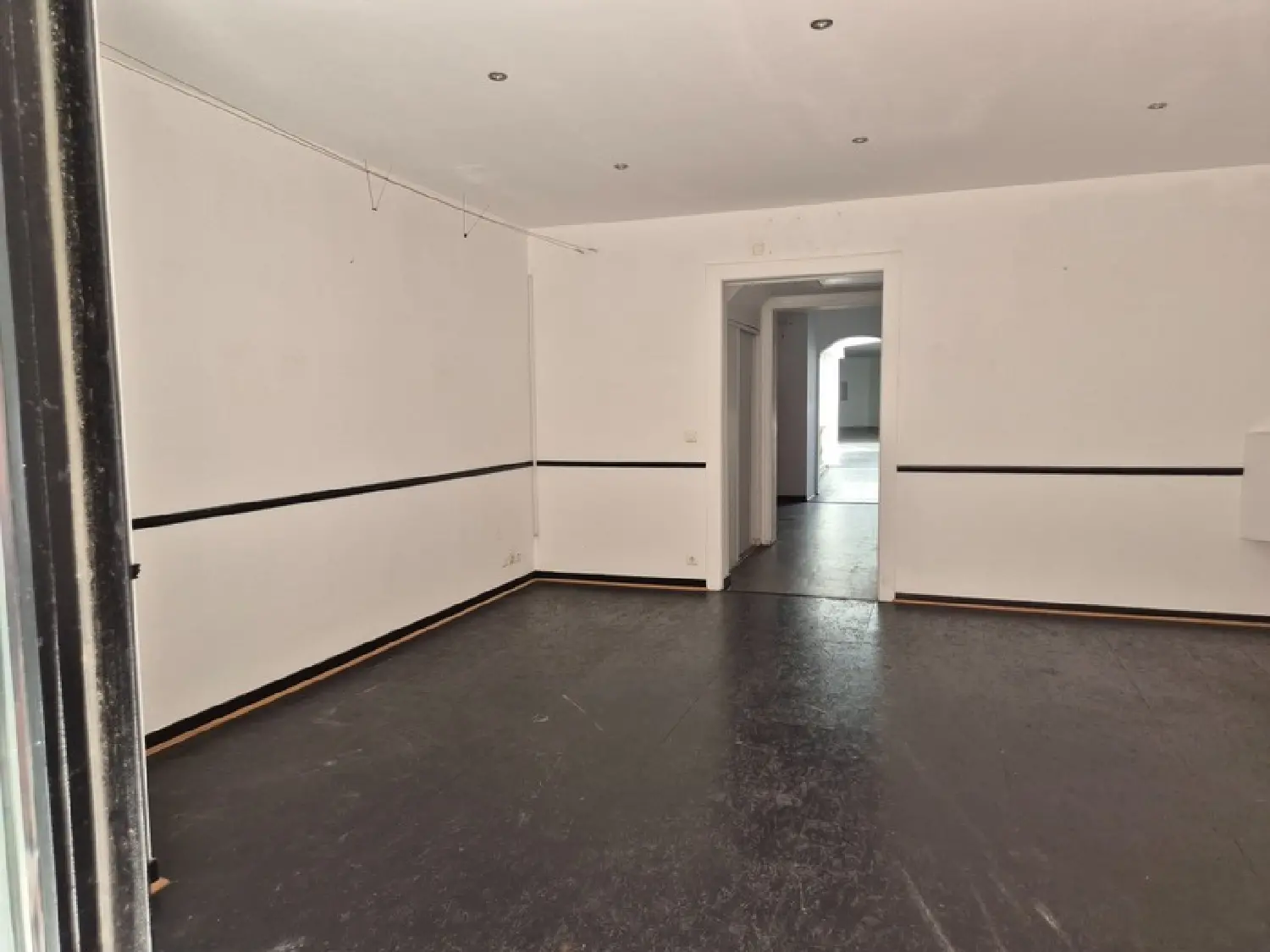 te koop bedrijfsruimte/ kantoor Angoulême Charente 4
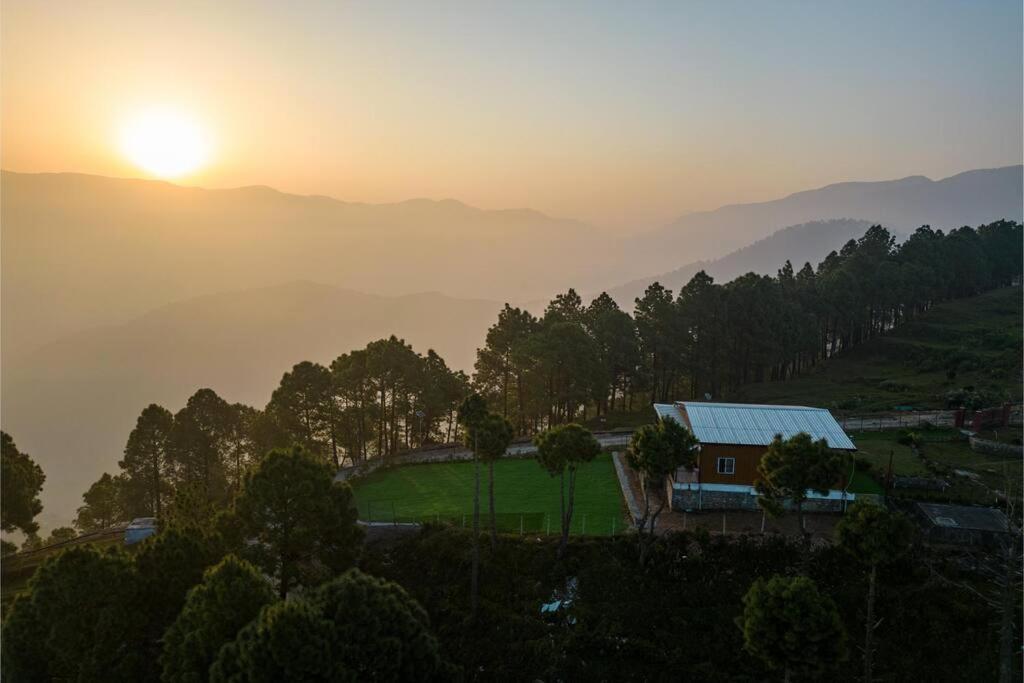 1 br Stay Enclosing the Mountains Nivriti Cottage by RoamHome view 2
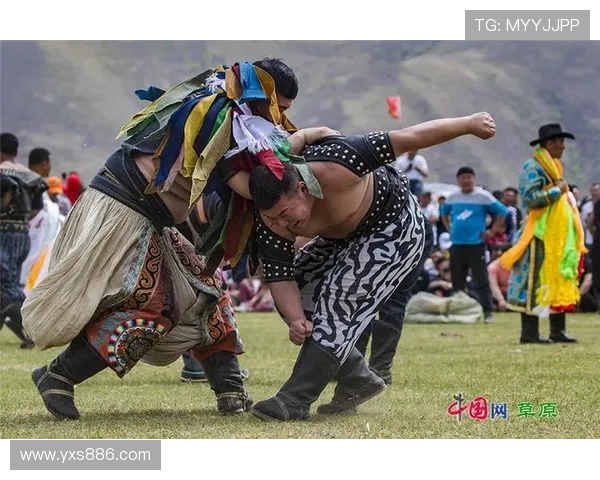 伦敦德比：摔跤大会中两千大汉相拥而战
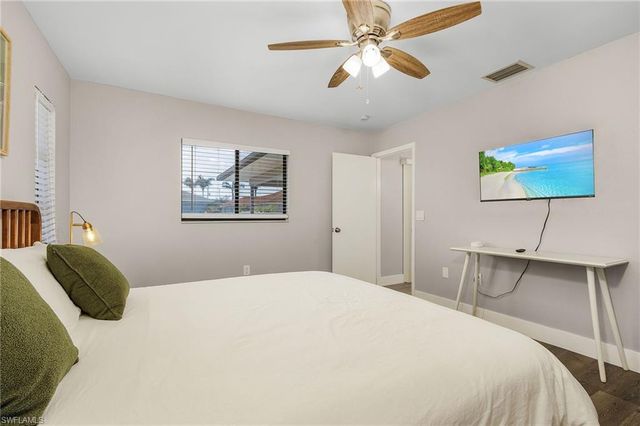 1424 SW 49th ST, Cape Coral, FL 33914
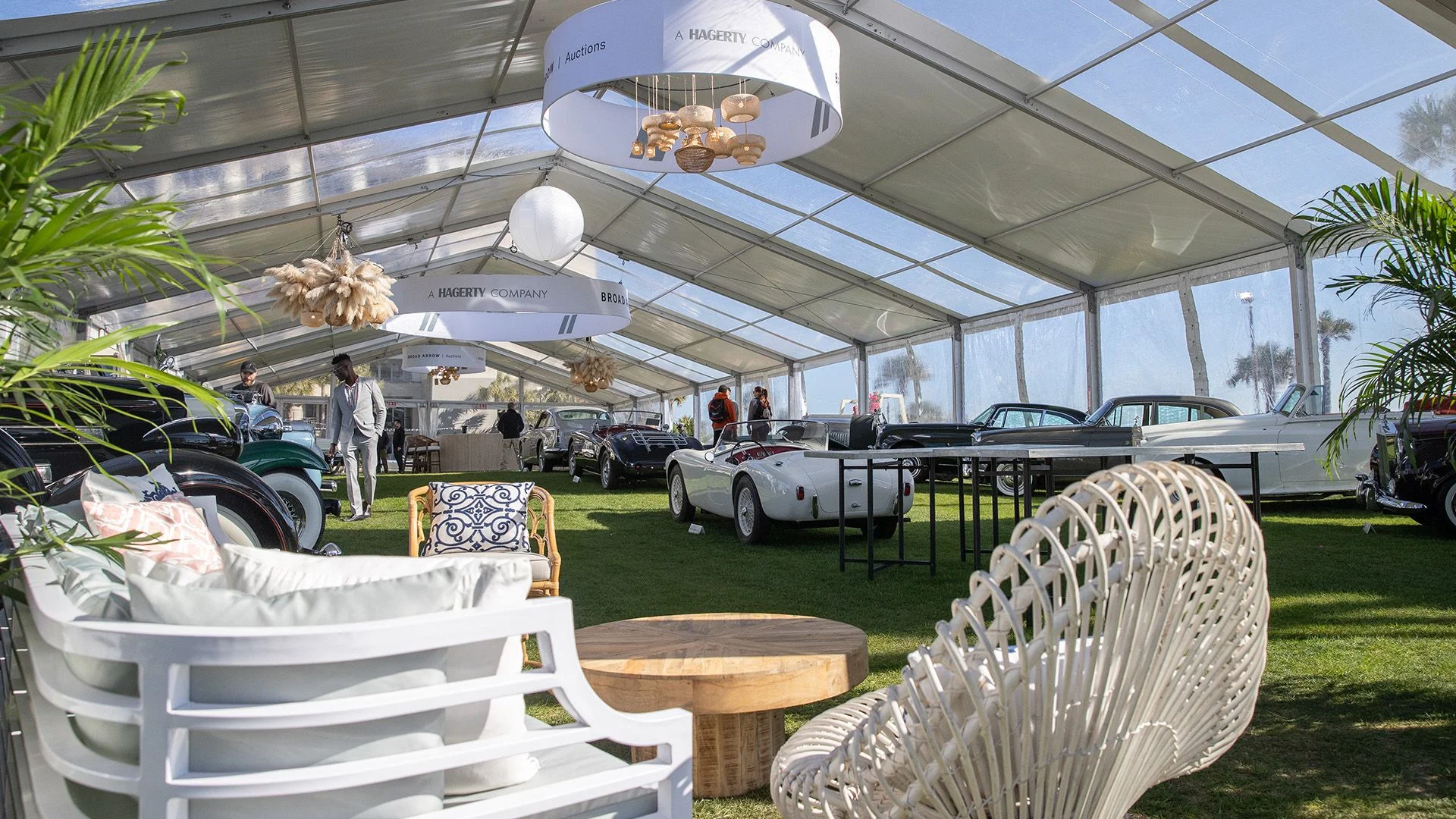 découvrez la vente historique de broad arrow auctions à amelia island, un événement incontournable pour les passionnés de voitures de collection et d'objets rares.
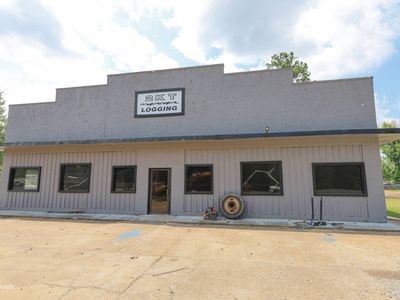 3368 Highway 165 N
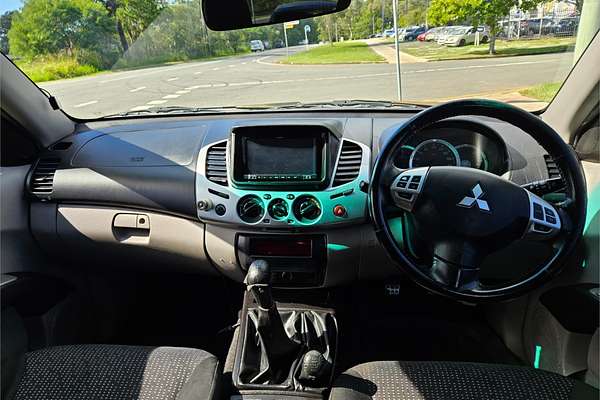 2010 Mitsubishi Triton GLX-R MN 4X4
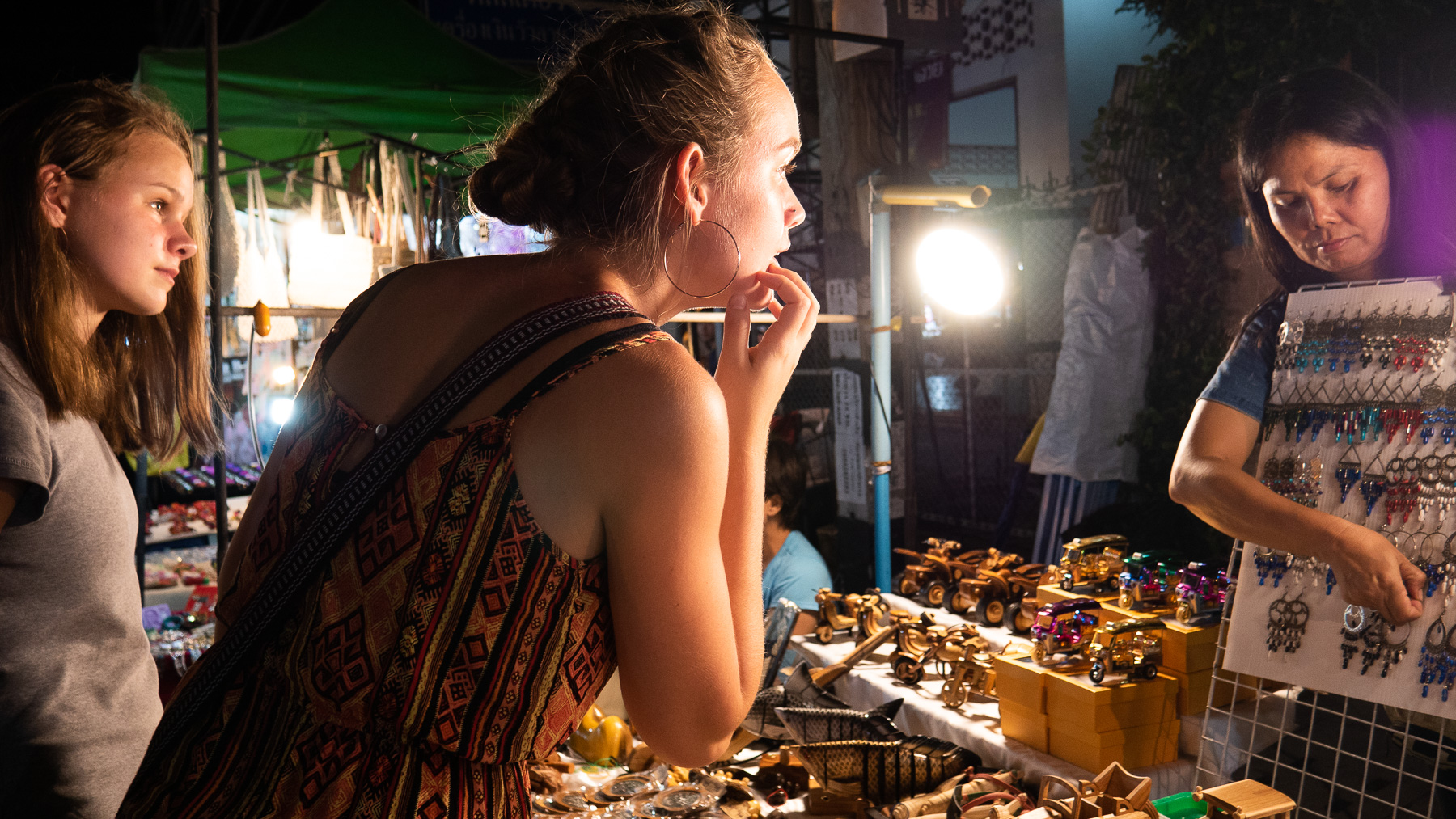 08-nightmarket-9.jpg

● ● ● ●

Task statement:
Your output must reproduce the material above in full, with no pictures.

Answer area:
 te koop bedrijfsruimte/ kantoor Angoulême Charente 4
 1 br Stay Enclosing the Mountains Nivriti Cottage by RoamHome view 2
 伦敦德比：摔跤大会中两千大汉相拥而战
 1424 SW 49th ST, Cape Coral, FL 33914
 découvrez la vente historique de broad arrow auctions à amelia island, un événement incontournable pour les passionnés de voitures de collection et d'objets rares.
 3368 Highway 165 N
 2010 Mitsubishi Triton GLX-R MN 4X4
 08-nightmarket-9.jpg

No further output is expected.